Come up with a solution to this equation in the form of a function F(t,y)=0.

Homework Equations

dF/ dy = N
dF / dt = M

Note: when I write d it's supposed to be a partial derivative.

The Attempt at a Solution

Okay, so I called the part in front of the dy 'N' and the part in front of the dt 'M'. Then I took dM/dy and dN/dt to make sure they're equal. They are, so this equation is exact.

F(t,y) = integral of (-10t)dt = -5t² + k(y)

Now, take the partial derivative of F(t,y) with respect to y. This gives -5t²y + k`(y). This equal to N.

So -5t²y + k`(y) = (28y⁶ - 24e^-6y)(sqrt(1-t⁴))

There's where I get stuck. I need to figure out what k(y) is, but I have nooo idea how to do that. I tried moving everything over to the right side except k`(y) and integrating, but the integral got really complicated =\

 

[206PiruBlood]

Remember that you have two variables so if you integrate with respect to one, you hold the other constant.

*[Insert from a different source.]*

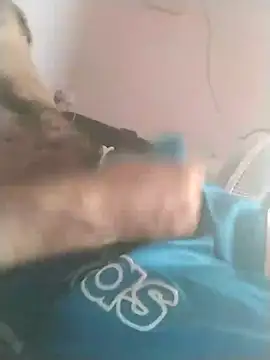 esterfour40 online show from 11/29/25, 09:23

For example if you integrate with respect to y, then you would treat t as a constant.

 

[jumbogala]

Hmm, okay. I think I see where I went wrong.

F = integral of M dt = -5t^2 + k(y)

Now, take the partial derivative of F with respect to y. This gives k`(y).

So k`(y) = (28y^6 - 24e^(-6y))(sqrt(1-t^4))

So to find k(y), I integrated the right hand side of the above equation with respect to y. Then I got k(y) = (sqrt(1-t^4))(4y^7 + 4e^(-6y)).

But my answer was still wrong...

 

[Mark44]

Why is it that you think this differential equation is exact? I'm not getting that at all. Based on your definitions for M and N,
$$\frac{\partial M}{\partial y} = 0$$
and
$$\frac{\partial N}{\partial t} = (28y^6 - 24e^{-6y})(1/2)(1 - t^4)^{-1/2}(-4t^3)$$
Are you sure you have written the problem down correctly?